### SOURCE RECORDS
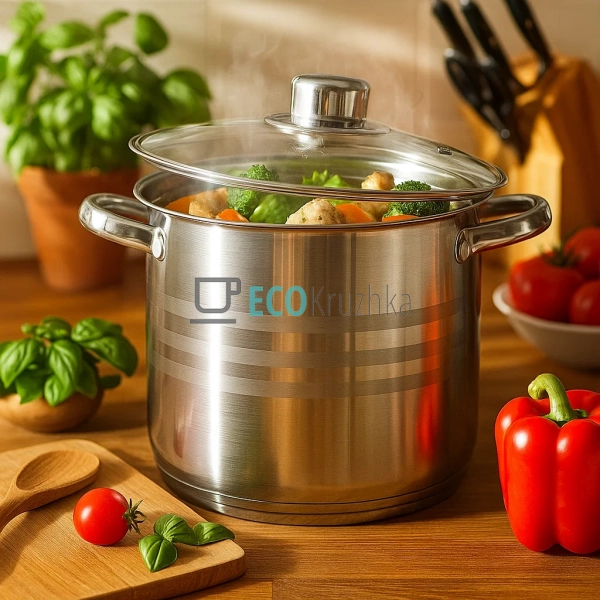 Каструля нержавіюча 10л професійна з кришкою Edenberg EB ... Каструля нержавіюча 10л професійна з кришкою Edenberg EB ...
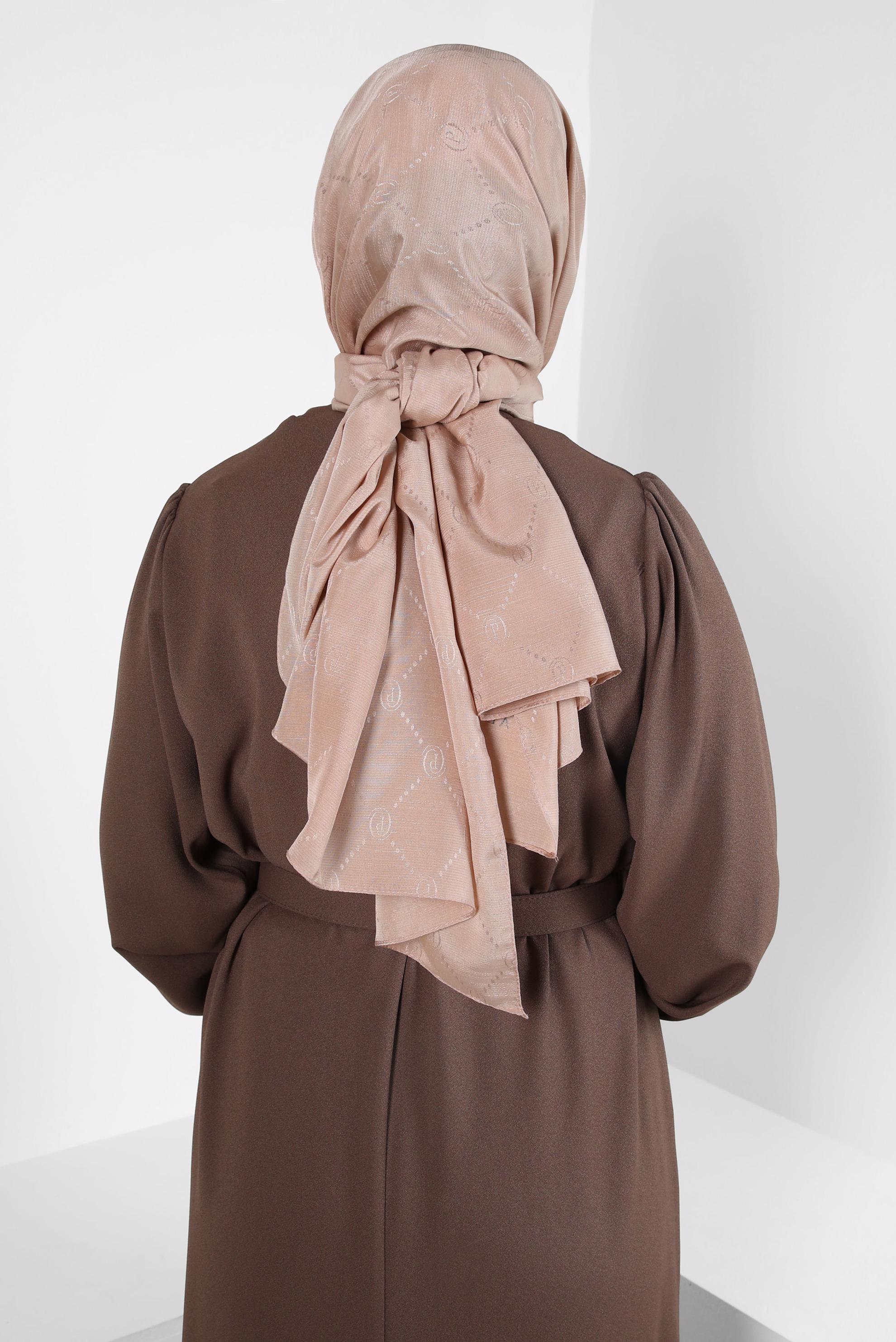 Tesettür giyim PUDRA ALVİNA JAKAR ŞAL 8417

* * *

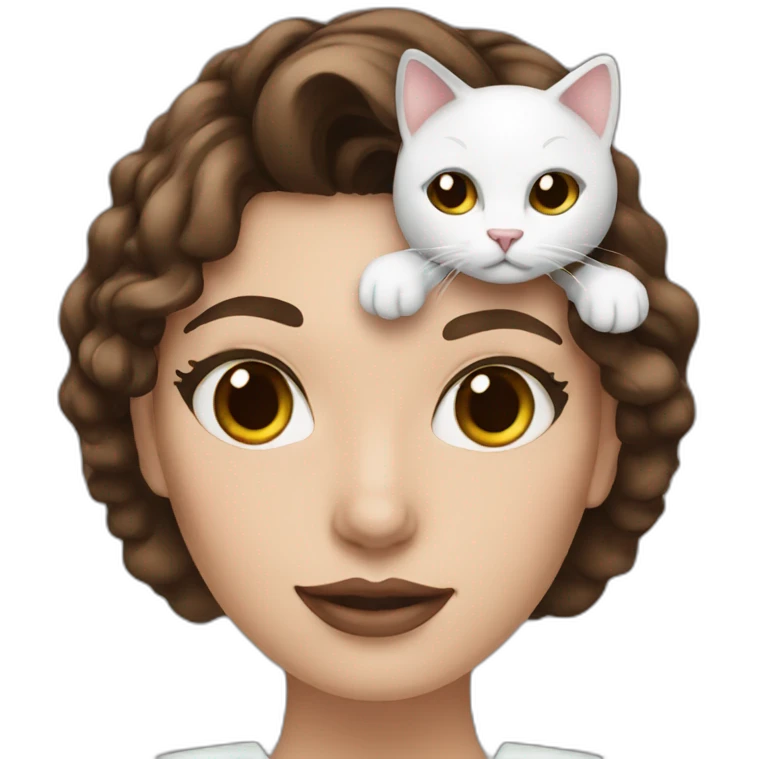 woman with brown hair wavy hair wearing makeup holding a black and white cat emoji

### PROBLEM REQUIREMENTS
Starting at the line containing "EB ... Каструля" and finishing at the line containing "Tesettür giyim PUDRA ALVİNA JAKAR ŞAL 8417", return those lines exactly as they appear above, without the pictures.

### SOLUTION TO THE EXERCISE
 Каструля нержавіюча 10л професійна з кришкою Edenberg EB ... Каструля нержавіюча 10л професійна з кришкою Edenberg EB ...
 Tesettür giyim PUDRA ALVİNA JAKAR ŞAL 8417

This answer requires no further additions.